Development and comparison of user-item recommendation systems in TensorFlow on an anime dataset.
Building recommendation systems using collaborative filtering on the Anime Recommendation Database 2020 from Kaggle. All models can be downloaded from the Drive.
There are two common ways of recommending:
Right now we focus only on collaborative filtering.
Rating prediction:
| Model | val_loss | RMSE |
|---|---|---|
| Hybrid NN | 1.9694 | 1.4034 |
| Neural Network | 1.9897 | 1.4105 |
| Matrix Factorization | 2.8429 | 1.6861 |
Interaction prediction:
| Model | val_loss | Acc | Precision | Recall |
|---|---|---|---|---|
| Hybrid NN | 0.3079 | 0.8790 | 0.8931 | 0.9759 |
| Neural Network | 0.2502 | 0.8050 | 0.8907 | 0.8282 |
| Matrix Factorization | 0.4691 | 0.7678 | 0.8969 | 0.7621 |
The hybrid model wins on most metrics — multi-task learning helps.

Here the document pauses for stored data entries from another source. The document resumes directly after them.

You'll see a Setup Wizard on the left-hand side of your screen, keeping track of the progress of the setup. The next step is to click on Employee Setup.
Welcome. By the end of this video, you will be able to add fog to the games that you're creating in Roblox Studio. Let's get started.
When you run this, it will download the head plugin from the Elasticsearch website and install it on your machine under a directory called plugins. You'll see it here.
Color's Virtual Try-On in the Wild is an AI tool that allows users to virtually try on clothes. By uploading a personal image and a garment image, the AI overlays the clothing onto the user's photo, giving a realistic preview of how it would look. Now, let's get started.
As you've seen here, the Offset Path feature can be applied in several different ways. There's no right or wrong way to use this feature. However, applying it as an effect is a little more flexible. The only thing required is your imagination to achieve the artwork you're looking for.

Open notebooks in Jupyter or Google Colab:
jupyter notebook User_Anime_Rating_Predictions.ipynb
Pre-trained models available on Google Drive.

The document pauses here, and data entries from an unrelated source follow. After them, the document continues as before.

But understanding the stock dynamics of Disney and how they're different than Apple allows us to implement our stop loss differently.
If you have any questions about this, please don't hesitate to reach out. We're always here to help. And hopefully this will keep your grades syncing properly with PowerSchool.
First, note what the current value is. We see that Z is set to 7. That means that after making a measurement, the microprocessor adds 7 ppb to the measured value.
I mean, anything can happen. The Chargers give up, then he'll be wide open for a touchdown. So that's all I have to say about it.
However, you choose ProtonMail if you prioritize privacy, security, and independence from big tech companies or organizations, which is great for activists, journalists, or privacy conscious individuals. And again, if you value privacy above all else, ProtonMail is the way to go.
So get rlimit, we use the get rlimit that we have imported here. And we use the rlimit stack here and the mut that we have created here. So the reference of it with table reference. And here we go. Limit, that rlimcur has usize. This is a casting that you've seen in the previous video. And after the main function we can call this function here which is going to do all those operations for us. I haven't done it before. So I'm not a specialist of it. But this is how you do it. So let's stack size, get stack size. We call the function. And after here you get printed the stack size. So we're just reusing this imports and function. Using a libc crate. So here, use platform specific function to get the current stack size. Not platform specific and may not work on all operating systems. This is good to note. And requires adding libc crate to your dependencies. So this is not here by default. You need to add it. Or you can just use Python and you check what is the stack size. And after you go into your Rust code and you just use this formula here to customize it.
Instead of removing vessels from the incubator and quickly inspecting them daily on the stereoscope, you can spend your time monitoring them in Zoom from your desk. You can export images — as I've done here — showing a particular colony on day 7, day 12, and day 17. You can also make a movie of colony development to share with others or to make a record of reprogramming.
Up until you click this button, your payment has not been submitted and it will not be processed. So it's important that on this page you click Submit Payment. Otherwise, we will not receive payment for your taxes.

One way to recommend items is by predicting what rating a user will give, then showing the highest-rated unseen items.
Decompose the user-item interaction matrix into two lower-dimensional matrices. We never actually create the full rating matrix — instead we use embeddings.
Concatenate user and item embeddings, pass through dense layers. Last layer outputs the predicted rating.
Instead of predicting ratings, we can ask: will the user have a positive interaction with this anime?
Positive = completed + rated above 5. Negative = dropped or rated 5 or below. Same model structures, but with sigmoid on the output.
A model that handles both tasks — predicting ratings and interactions — using shared embeddings. The loss is a weighted sum of both task losses.